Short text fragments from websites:
=== Section Start ===

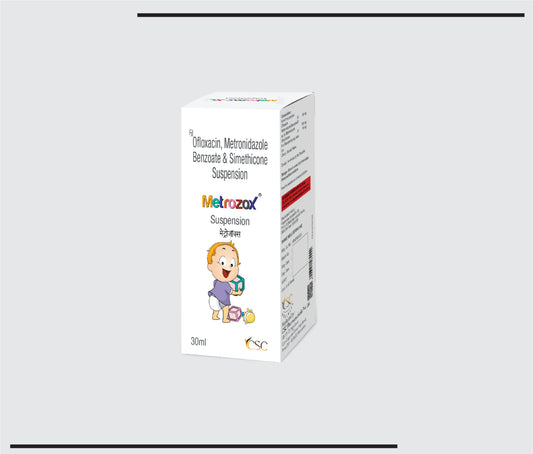 Metrozox Syrup (Ofloxacin 50mg + Metronidazole 120mg + Simethicone 10mg)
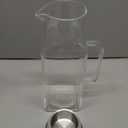 2 Liter/68 oz Square Glass Pitcher with Lid, Classic Stripes Water Pitchers with Handle for Fridge, Large Jug for Iced Tea, Coffee, Borosilicate Glass Carafe for Hot/Cold Brew Drink, Silver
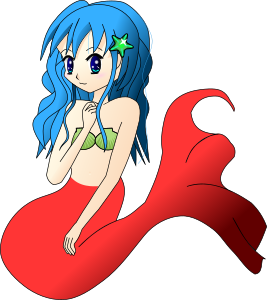 openclipart圖庫：Blue hair mermaid
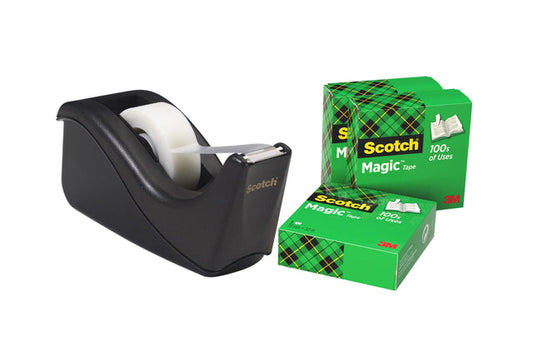 Plakbandhouder Scotch C60 zwart + 4 rol Magic tape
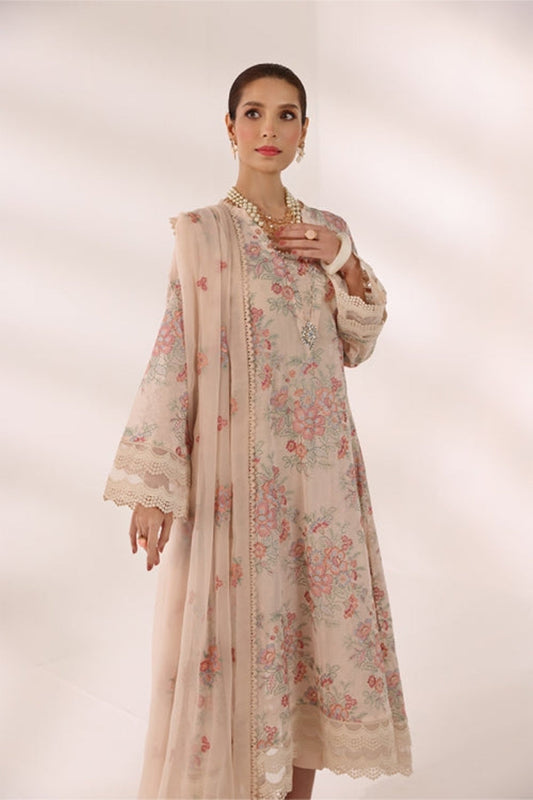 Bareeze Embroidered Lawn 3pc with Embroidered Chiffon Dupatta- SB1991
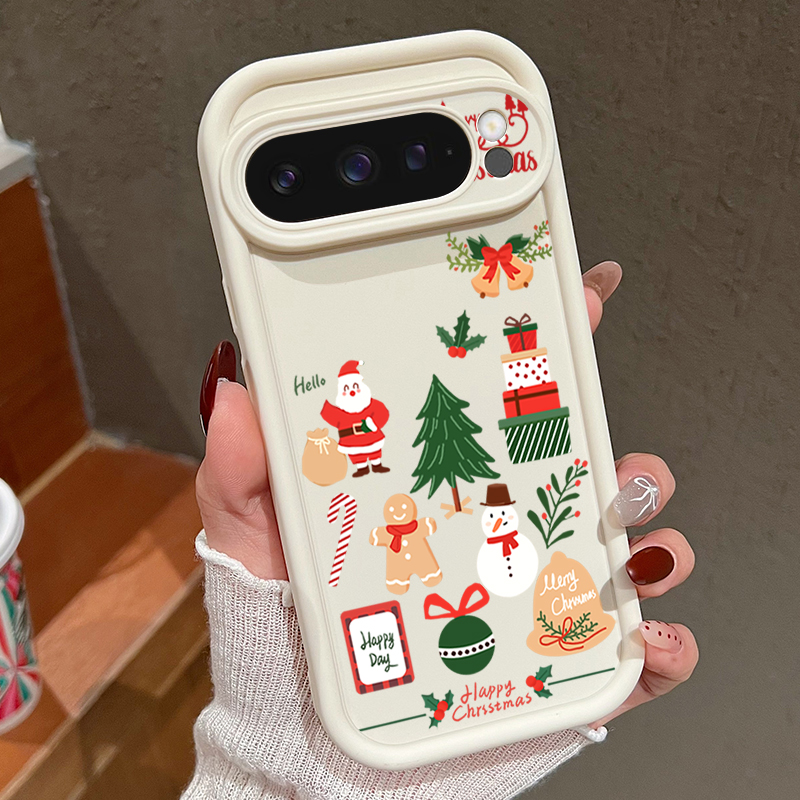 Google Pixel 9 - 해피 크리스마스 패턴 소프트 TPU 폰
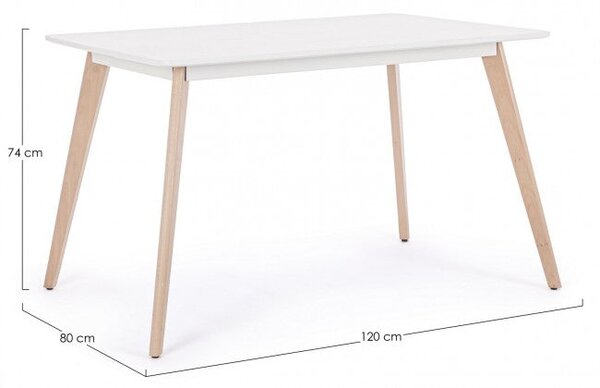 Tavolo Rettangolare Fisso 120x80x74 cm Michelangelo in Legno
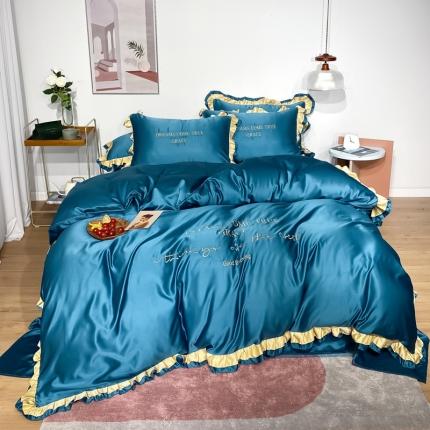 91家纺网 家纺一手货源 找家纺 米奈 2020水洗真丝诺曼四件套 孔雀蓝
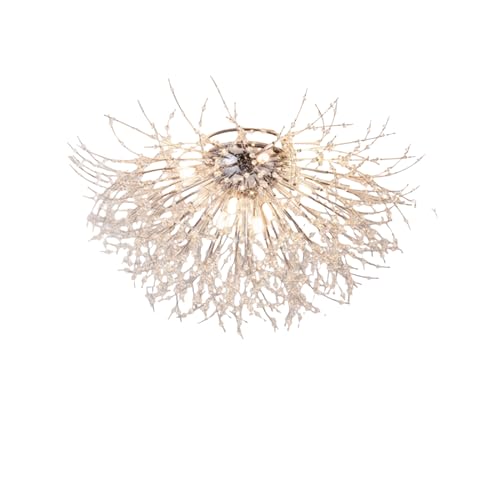 Plafonnier LED pissenlit 50 cm doré pour chambre et cuisine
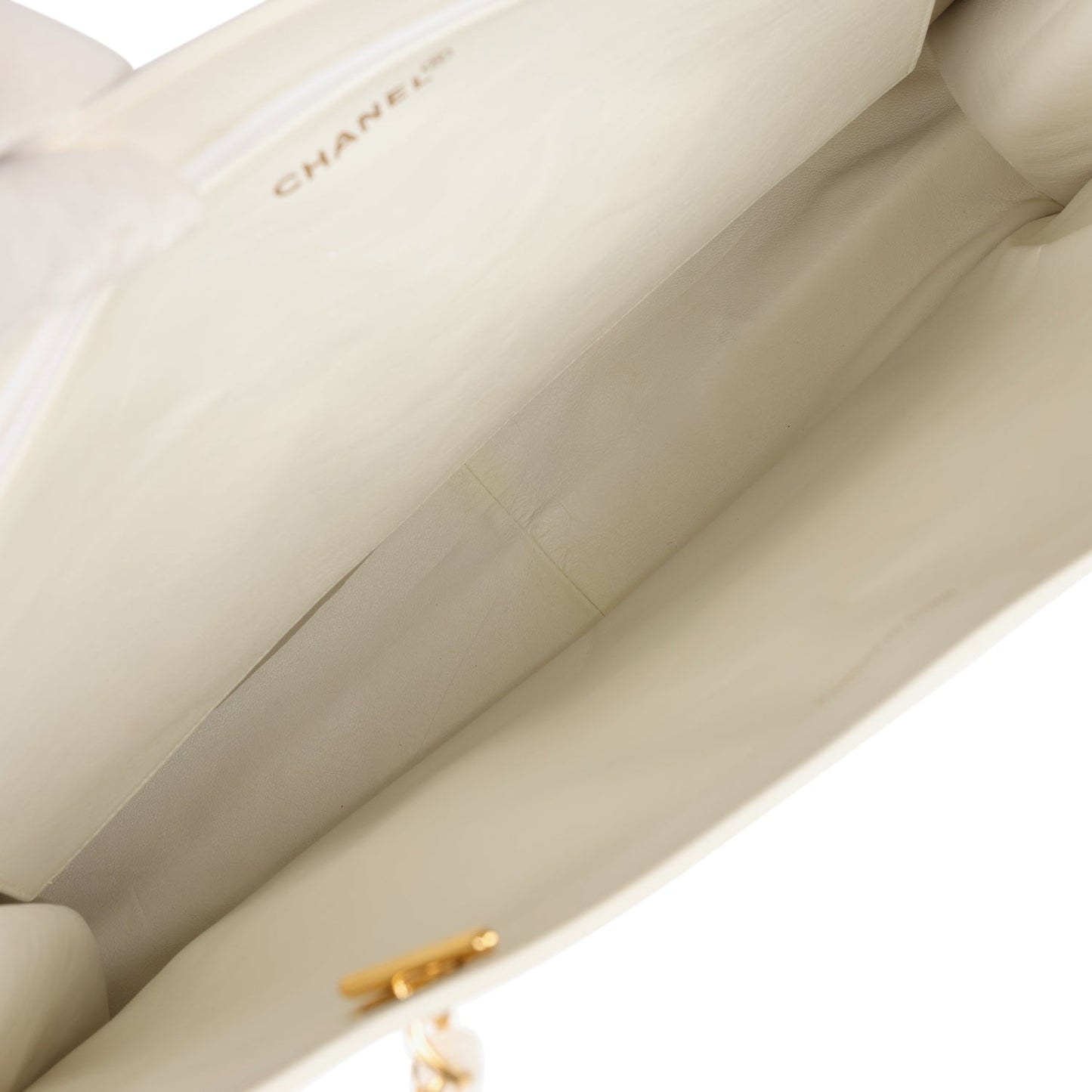 Vintage Chanel CC Chain Shopping Tote Bag White Caviar Gold Hardware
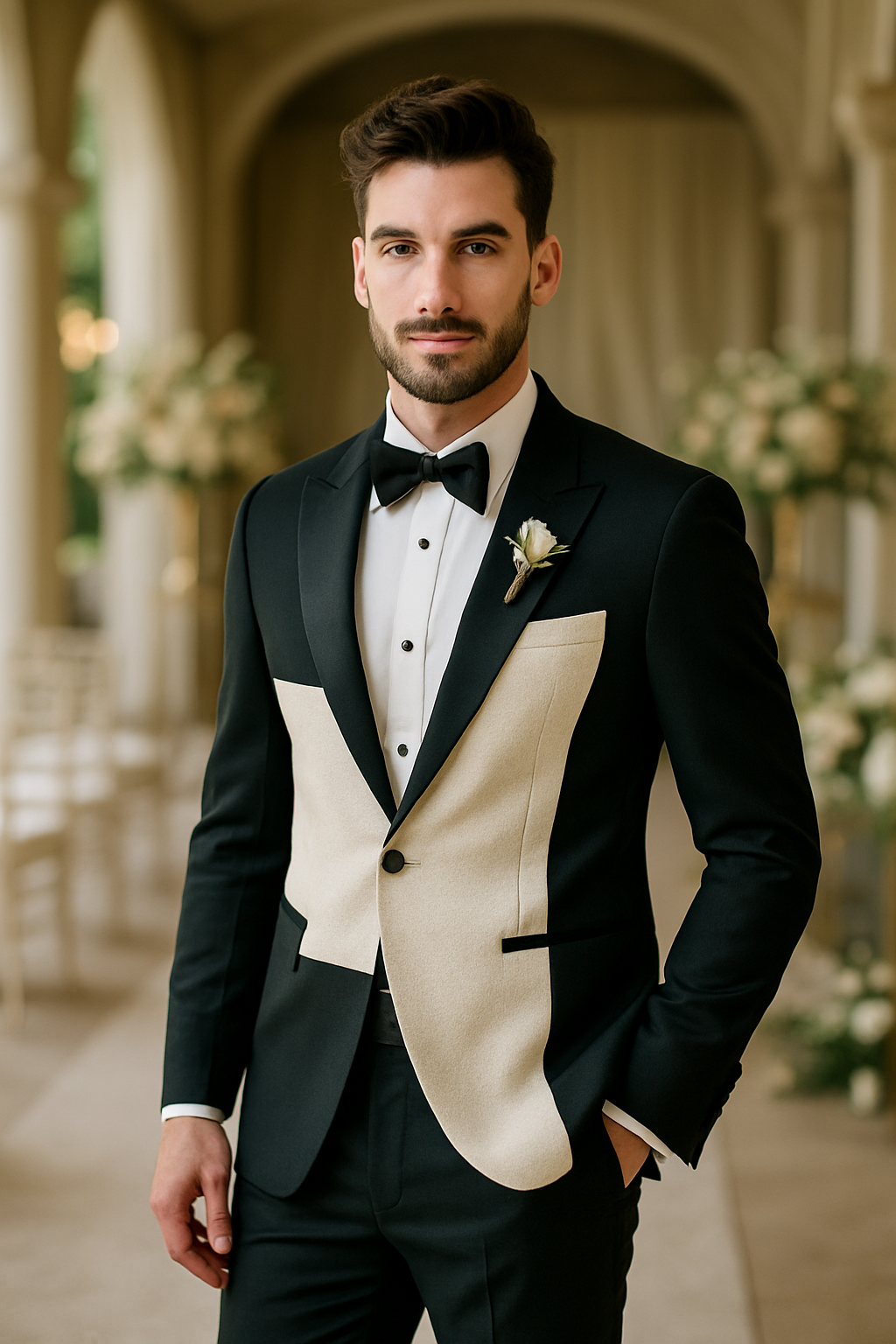 A groom in a stylish black tuxedo with a cream-colored shawl lapel, standing confidently.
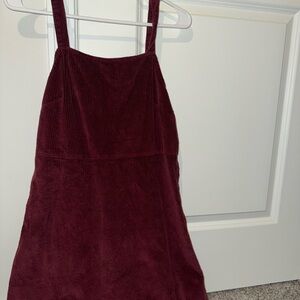 American Eagle Corduroy Pinafore Dress | Burgundy | Size Medium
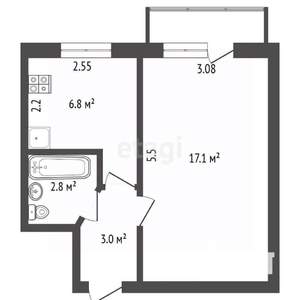 1-к квартира, вторичка, 30м2, 3/5 этаж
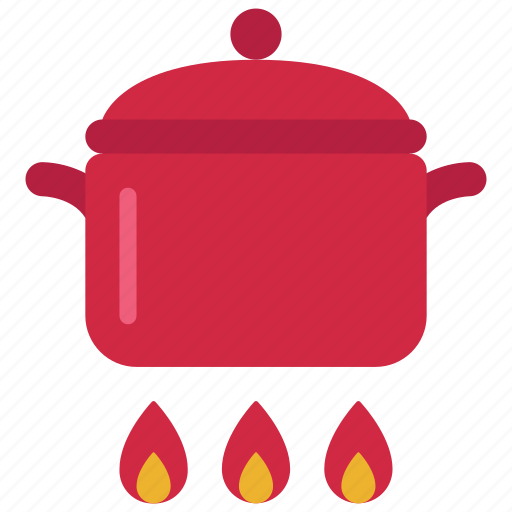 Pot, over, flames, boiling, hob icon - Download on Iconfinder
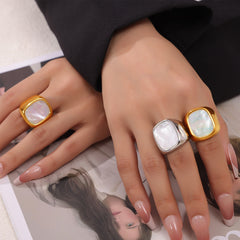 White Shell Sculptural Open Ring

=== Section End ===

## Description of the task
In the data above, please extract the lines from the first one through the line with "2 Liter/68 oz", exactly, and keep pictures out.

## Answer to this problem
 Metrozox Syrup (Ofloxacin 50mg + Metronidazole 120mg + Simethicone 10mg)
 2 Liter/68 oz Square Glass Pitcher with Lid, Classic Stripes Water Pitchers with Handle for Fridge, Large Jug for Iced Tea, Coffee, Borosilicate Glass Carafe for Hot/Cold Brew Drink, Silver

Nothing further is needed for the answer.